I have rarely come across anyone who could explain the inexplicable so well, one who sees so deeply the nature of this kind of blind devotion and steadfast zeal towards a promise, just a promise, better than Saïd Sayrafiezadeh. And I have never come across anyone who had come to that realization so patiently and so compassionately as he does. Recalling his memories so vividly, he takes us with an immense generosity to the dark parts of his life, without shame, without guilt, without bitterness, without rage or anger. There is no sense of blame or regret in any of those tales, since he has learned the futility of it in adults deceiving themselves by placing all the responsibility on a “sad missing” point in the history, on a thin line decision, or “if only it had been otherwise.”


His story is the celebration of life, a walk towards liberation with open eyes, embracing freedom, and untangling himself from the vacuous balloons of the false promises tied to him to prevent him from landing safely on the ground, all grand, giant and majestic. The father is a god-like figure above all. It is only in the course of few meetings and one letter he received from him that he turns gradually into a mere bullying brat, best illustrated in the Persian restaurant in the Garment District. He is trying to tell Saïd about the garment industry's history, of which he is ignorant, and when he orders Chardonnay, he does not know it from Red or Rose wine. Yet he knows how to thoroughly maltreat the waitress. And the mother, who has a saint-like self-sacrificing nature, desperately quits her job, Party, and life, all at once, admitting she has failed them all.


And finally, ideas, and the reflections of the giants, Marx, Engels, Lenin, and Castro, that are so faithfully collected into heavy volumes and sacredly placed on bookshelves? He finds out, when he opens them, that they had never been read. Much later, he notices that if there were anything to be learned from them, it was only what was written on their covers!


Free from all the bubbles, our little prince lands safely on the ground. The landscape may not be as green as he had imagined as a child, and skateboards are not free at all, but there is enough beauty to be enjoyed. With exceptional wisdom, he simply lives in the reality of life and looks out for real happiness where he can find it. And he finds it, right in the office of Martha Stewart's Living, where he designs labels for potted plants, and on the rooftop of his apartment building, observing Manhattan skyline.
It is a book that should be read by all, Iranian, non-Iranian, young or old, left or right. Just make sure to read it on a weekend when you have no appointments; it is impossible to put down.


And yes, the author is Iranian. Well, in reality, only half, but so what, let's claim him fully. He is generous enough to let us to have him all. Am I right Saïd?

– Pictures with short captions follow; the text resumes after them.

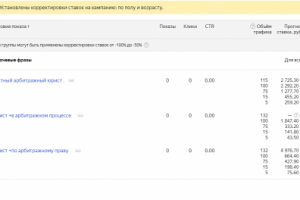 Настройка и ведение Яндекс Директ (гражданский адвокат)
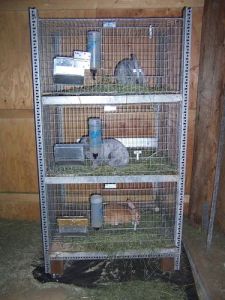 Rabbit Cage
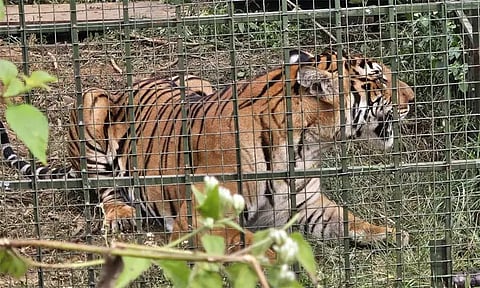 நீலகிரி: 4 மாதங்களாக பொதுமக்களை அச்சுறுத்திய புலி கூண்டில் சிக்கியது...!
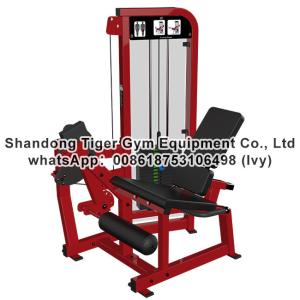 Wholesale Single Station Gym fitness equipment machine Leg Extension exercise machine from china suppliers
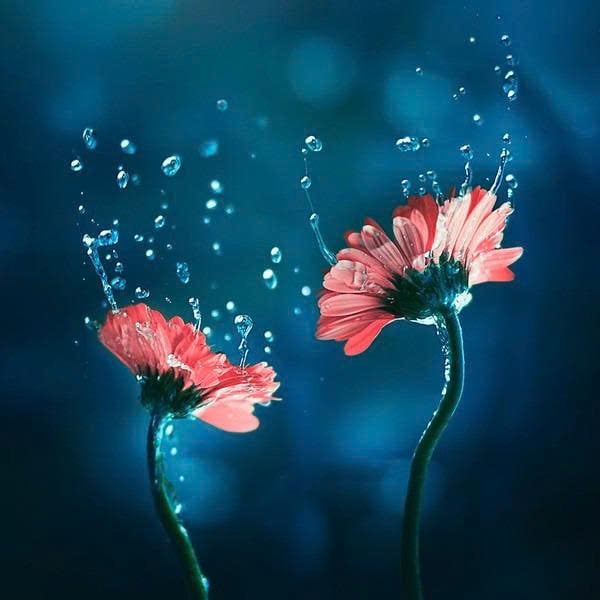 z7130295037475_3b5b1bf06629dc418e847b0c4b7259ac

P.S.: Reading this book, and knowing Saïd's father—I met him only once at our home, but have heard about him a lot—and knowing his generation well enough, I am sure that his ideal writer should be Maxim Gorky and his favorite selected book should be the Gorky's Mother. It is such an irony that his son turned into such a brilliant writer, amazingly brilliant indeed, and writes a book which is a reversing mirror reflection to that of that work. Given that they are only one century apart, I 'm wondering if Gorky was that wrong, or are we the misguided ones, or if the world has changed so much.